All right, for some incomprehensible reason I still don't use a password manager and it's time to start.
What are people's favorites? (And why?)
@CBrachyrhynchos Do other managers like LastPass have that vulnerability? I'm not a programmer or power user so I'm a little ignorant on javascript vulnerabilities
@fobo There have been a few attacks in the past that have worked against LastPass. As far as I know they've been patched within a reasonable timeframe.
@fobo KeePass, because it's Free Software, and decentralized.
@fobo I like using MasterPass. It's a password generator that uses key phrases to generate the same password every time instead of storing them.
Pros: don't have to worry about them being stored anywhere, works on most devices & any browser. On mobile, it's very easy to copy/paste.
Cons: Make sure you remember your key phrase correctly because the generator won't correct you in the browser app
@emmykei Thanks! Will check it out.
@fobo KeepassDroid because is simple and secure
@sandrofm Thanks! Most of the feedback I'm getting seems to be KeePass as the manager of choice.
@fobo I use LastPass because it's convenient and I'm not a particularly vulnerable user. My husband is more security-paranoid than me (with pretty decent reasons given the different jobs) and uses an offline manager that lives on his primary laptop and is backed up on a thumb drive. I forget what it's called but I'd bet it's more secure (and less convenient) than mine.
He's been fine with me using LastPass, though.
@eleanor Thanks! I'm a bit torn between the convenience of LastPass and the security but added complexity of KeePass, but my work is not particularly security-critical.
@fobo I tend not to put CRITICAL passwords into LastPass, I use long-strings I'll remember, but my LastPass is filled with trivial sites like forums. That's my compromise so I really only have to remember my email and banking passwords, and everything else gets stored.

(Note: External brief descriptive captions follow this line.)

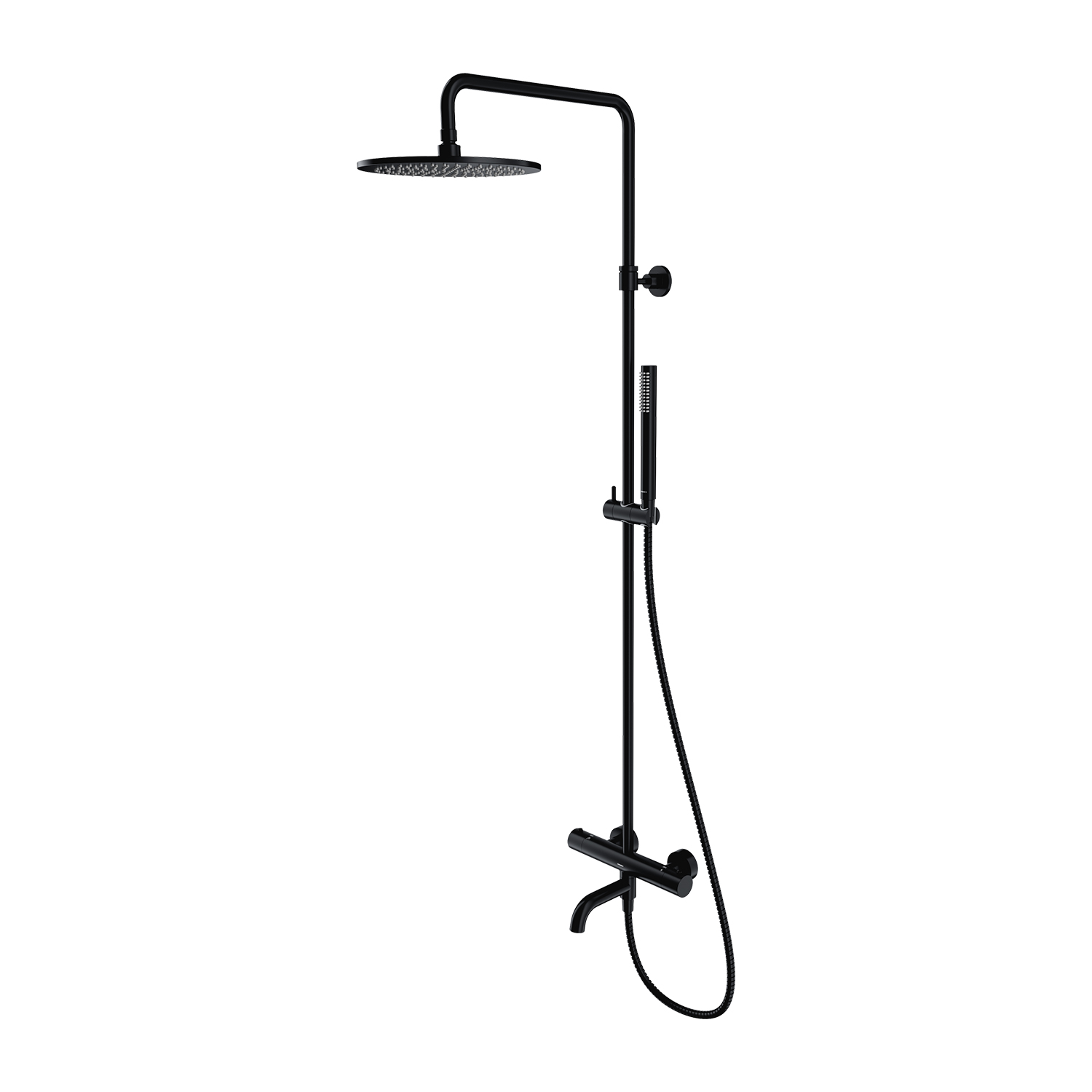 Omnires Y conjunto bañera/ducha a pared con termostato con rociador con efecto lluvia negro Y1234BL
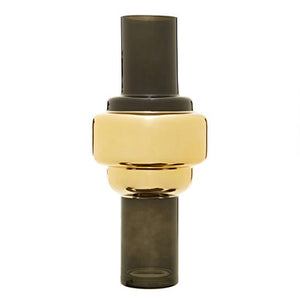 Cayden Large Smoked Black And Gold Vase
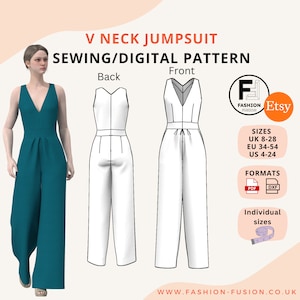 Peut inclure: Patron de couture numérique pour une combinaison à col en V. Le patron comprend des instructions pour les pièces avant et arrière. Le patron est disponible dans les tailles UK 8-28, EU 34-54 et US 4-24. Le patron est disponible aux formats PDF et DXF.
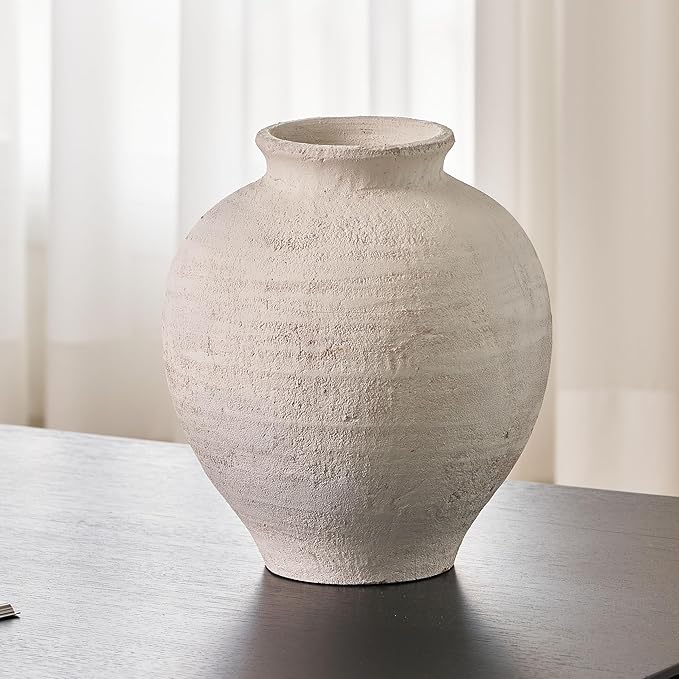 LB2 Large White Ceramic Vase, 11" Tall Zen Style Rustic vase, Terra Cotta Pitcher Vase, Distressed Farmhouse Decor, Pottery Decorative Flower for Home Decor (H 11.8" X 11")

@fobo It’s pretty functional. It keeps previous versions of passwords, it allows you to set expiration dates, and It allows you to attach files, so you can use it for storing licenses too. #Keepass #PasswordManager
@fobo Its functionality can be extended with plugins. For example, I use a plugin for generating diceware like passwords. #Keepass #PasswordManager
@bluewake no, I didn't. The keepassx client itself serves all my needs. Maybe it's because I don't know what's possible yet.
@fobo I've been using KeePass (now KeePassXC) for years and have never had a problem, despite a) not being elite and b) going thru a shocking number of clean OS installs.
Reasons I like it:
- database stored locally
- but encrypted
- back up the encrypted database literally anywhere, thumb drive, install keepass on a computer, open database, enter master pw, you're golden
- search/tag/folder functions
- locks itself if you leave it open
- generate custom hella strong pws
- also good usr/pw copy/paste function where you don't have to open the edit window to get the pw (I always worry I'll accidentally screw something up even though it's never happened)
- if you make a new entry and try to close the db w/o saving it'll remind you to save before closing! so considerate, has saved my bacon a couple of times
@fobo I use KeepassXC, which is less convenient but it looks like running a password manager in the same sandbox as Web javascript is a potential vulnerability.